Mattu stopped walking. The thick jacket did not keep him warm. The heavy hat did not protect him. He could not look at Celestine. He could not look anywhere. Fear lodged in his spine, between the bones, right where a knife might lodge.

“Victor will not work at some ordinary job,” said Celestine.

This was true. Victor had no skills. Well, actually, he had
plenty of skills—he could drive a jeep, point a machine gun, murder children and torch houses.

“He will want one thing only,” said Celestine. “His diamonds. At the airport, when I realized that we were ahead of him, I thought we could disappear if we moved quickly, and then somehow we were attached to the Finches and there was no way to disappear, and yet we got here, and I thought, Maybe we have disappeared after all. When you study those maps, you see how huge this country is. How tiny and hidden this town is. But Victor will never give up.”

Mattu stared down the narrow lane where Mopsy had led them the day of their post office lesson. He could see a tiny slice of the little harbor, the cold water gleaming in the weak sun. On the other side of that water was Africa. It seemed impossible.

Also impossible, Mattu had nearly forgotten Victor.

Victor had been one of the killers who ran the refugee camp—the officials only thought they ran it. But there were factions and gangs inside the camp just like inside any other prison.

Some family of four had been next on the list of refugees to go to America. Their name was Amabo. But they refused to cooperate with Victor. They were going to America, they said, and Victor could rot. He could beg all he wanted, but they were flying away. No, they were not going to help him.

People did not win arguments with Victor. He did not argue. He killed.

Victor took the Amabos' papers and found four people to take their places.

People who were afraid, like the husband and wife who became Andre and Celestine. Victor explained that if the husband did not cooperate, he would lose his feet as well as his hands.

People who were helpless, like the girl who became Alake.

People who would do anything to get to America, like the boy who became Mattu.

The boy knew what Victor had done to the real Amabo family, because everybody except the officials knew. Those people are dead anyway, the teenage boy told himself. I can't help them. But I can get to America.

He was used to the name Mattu now, although he had not planned to keep it. He was used to Celestine and Andre. Nobody could get used to Alake.

Victor had passed out any number of diamonds to accomplish his exit.
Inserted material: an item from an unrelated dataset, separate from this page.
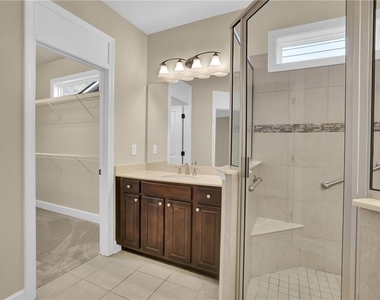 3708 Majestick Oak Dr - Photo Thumbnail 16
But the hard part was yet to come. He had to enter America. Diamonds did not show up well in X-rays and were not detected by metal detectors. Nevertheless, Victor had not wanted to carry the diamonds himself. A single man in his twenties was always suspect, whereas a family of four would find sympathy. A single man in his twenties might have anything stashed inside the boxes he carried and would receive a thorough search, whereas a girl grieving for her grandparents, a girl thin and wasted and sad—the silly Americans would offer her comfort and not check everything.

But Alake's fingers and face did not respond to Victor's orders. When he told her to carry the boxes, she failed him. He could not
hurt her because the paperwork was for four people, including a teenage girl, and the plane was shortly to leave, and he needed her. So it was the boy who had to carry Victor's boxes.

The plan had been for the five refugees to land in New York and get past the officials. Then Victor would take his diamonds to the dealer who had promised to buy them, and whatever happened to the fake Amabo family would happen. But it had not worked out that way.